During two recent deployments at the top of the world, atmospheric scientist Paquita Zuidema flew on a series of eight-hour missions over the Arctic as part of a NASA research expedition to study the processes behind the rapid loss of sea ice in the region.
It is that decline in Arctic sea ice, many scientists agree, that has far-reaching impacts for the planet. Ice acts as an "air conditioner" for the Earth, reflecting large amounts of incoming solar radiation. But as sea ice melts, it is replaced by darker ocean water, which absorbs more heat than ice and snow, reducing the Earth's albedo, or reflectivity.
"Diminished sea ice reduces the Arctic's cooling effect," said Zuidema, professor and chair of the Department of Atmospheric Sciences at the Rosenstiel School of Marine, Atmospheric, and Earth Science. "And as we've observed the rapid loss of Arctic sea ice, we've also seen the Arctic warm incredibly fast over the past few decades—two to four times faster than the rest of our planet."
The phenomenon, known as Arctic amplification, has caused a ripple effect, influencing weather patterns around the globe.
As part of the NASA field campaign in which Zuidema participated, she and dozens of other scientists collected a trove of data on how clouds, aerosols, and even the bumps and dips on the ice itself interact to impact sea ice melt in the Arctic over the summer months.

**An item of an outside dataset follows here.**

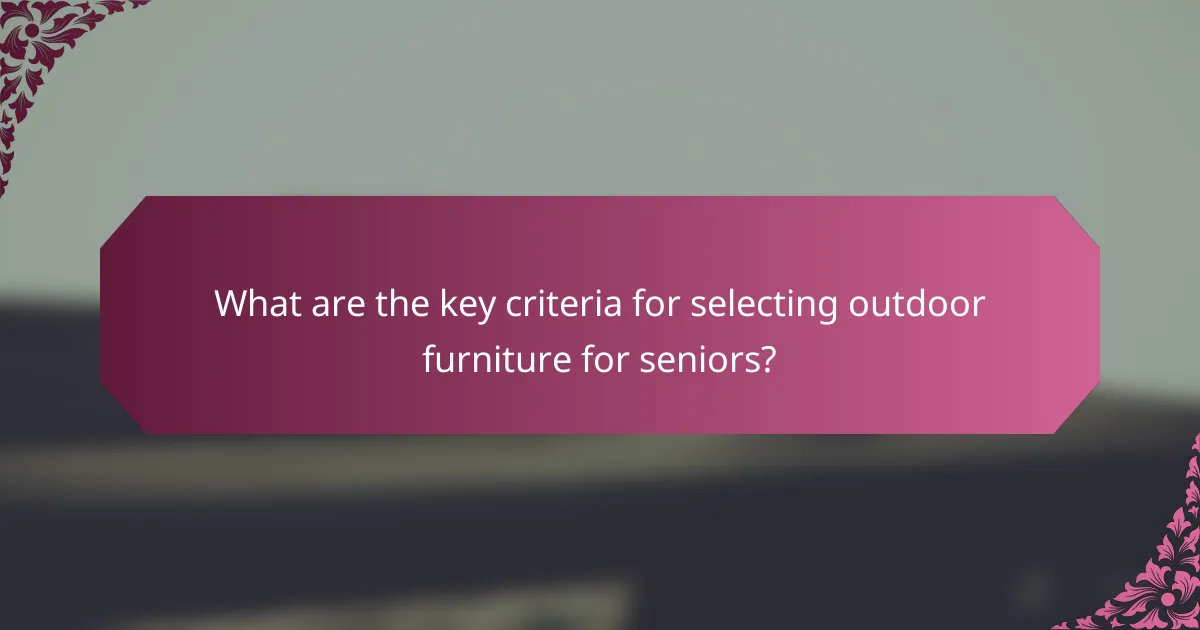 What are the key criteria for selecting outdoor furniture for seniors?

Operating out of Pituffik Space Base, a U.S. space force located on the northwest coast of Greenland, the researchers flew aboard three aircraft during two separate deployments.
Zuidema, whose research focuses on the relationship of marine shallow clouds to the large-scale environment, looked at how low, thin clouds may influence Arctic surfaces and the rate of sea ice melting. With her G-band vapor radiometer (GVR) positioned on the tail section of the Lockheed P-3 Orion aircraft on which she flew and served as the mission scientist, Zuidema and Rosenstiel School Ph.D. student Michael Perez measured the amount of radiation emitted from water vapor and liquid water in the atmosphere.
"We were able to conduct a very detailed closure study on how clouds impact the surface, and that's just impossible to do without the kinds of instruments we deployed. Satellites can only tell us so much," Zuidema said.
Researchers from the University of Colorado Boulder, the University of Michigan, Washington University in St. Louis, the University of Arizona, and Colorado State University also participated in the campaign. Sebastian Schmidt, an associate professor at the University of Colorado Boulder, spearheads the project.
"We've gotten a really good look at these clouds for the first time, and it's possible they may have a much stronger influence on Arctic surfaces and sea ice cover than we realized," said Patrick Taylor, deputy science lead for the so-called ARCSIX (Arctic Radiation-Cloud-Aerosol-Surface Interaction eXperiment) campaign and a research scientist at NASA's Langley Research Center.
Zuidema, Perez, and other ARCSIX researchers are now poring over the data.
It wasn't Zuidema's first deployment to the Arctic. In early 2024, she deployed to Kiruna, Sweden, as the lead investigator of a field campaign that investigated to what extent clouds generated by marine cold-air outbreaks reflect and potentially contribute to the rapid warming of the Arctic.
"Continuous long-term monitoring of the Arctic is crucial at this point in time," Zuidema said. "Like the field campaign out of Sweden, ARCSIX was important for helping the international research community to monitor and observe Earth from space. For a highly detailed picture of the Arctic, we really must go there. It's like going to another planet without leaving this one."
For Perez, who monitored the GVR instrument during ARCSIX flights, the deployment provided an opportunity to observe hard science up close. "It helped give a greater perspective on the things we're studying," he said. "Many times, we get caught up in either images or the numbers generated by the science we're conducting. Physically being there really made a difference."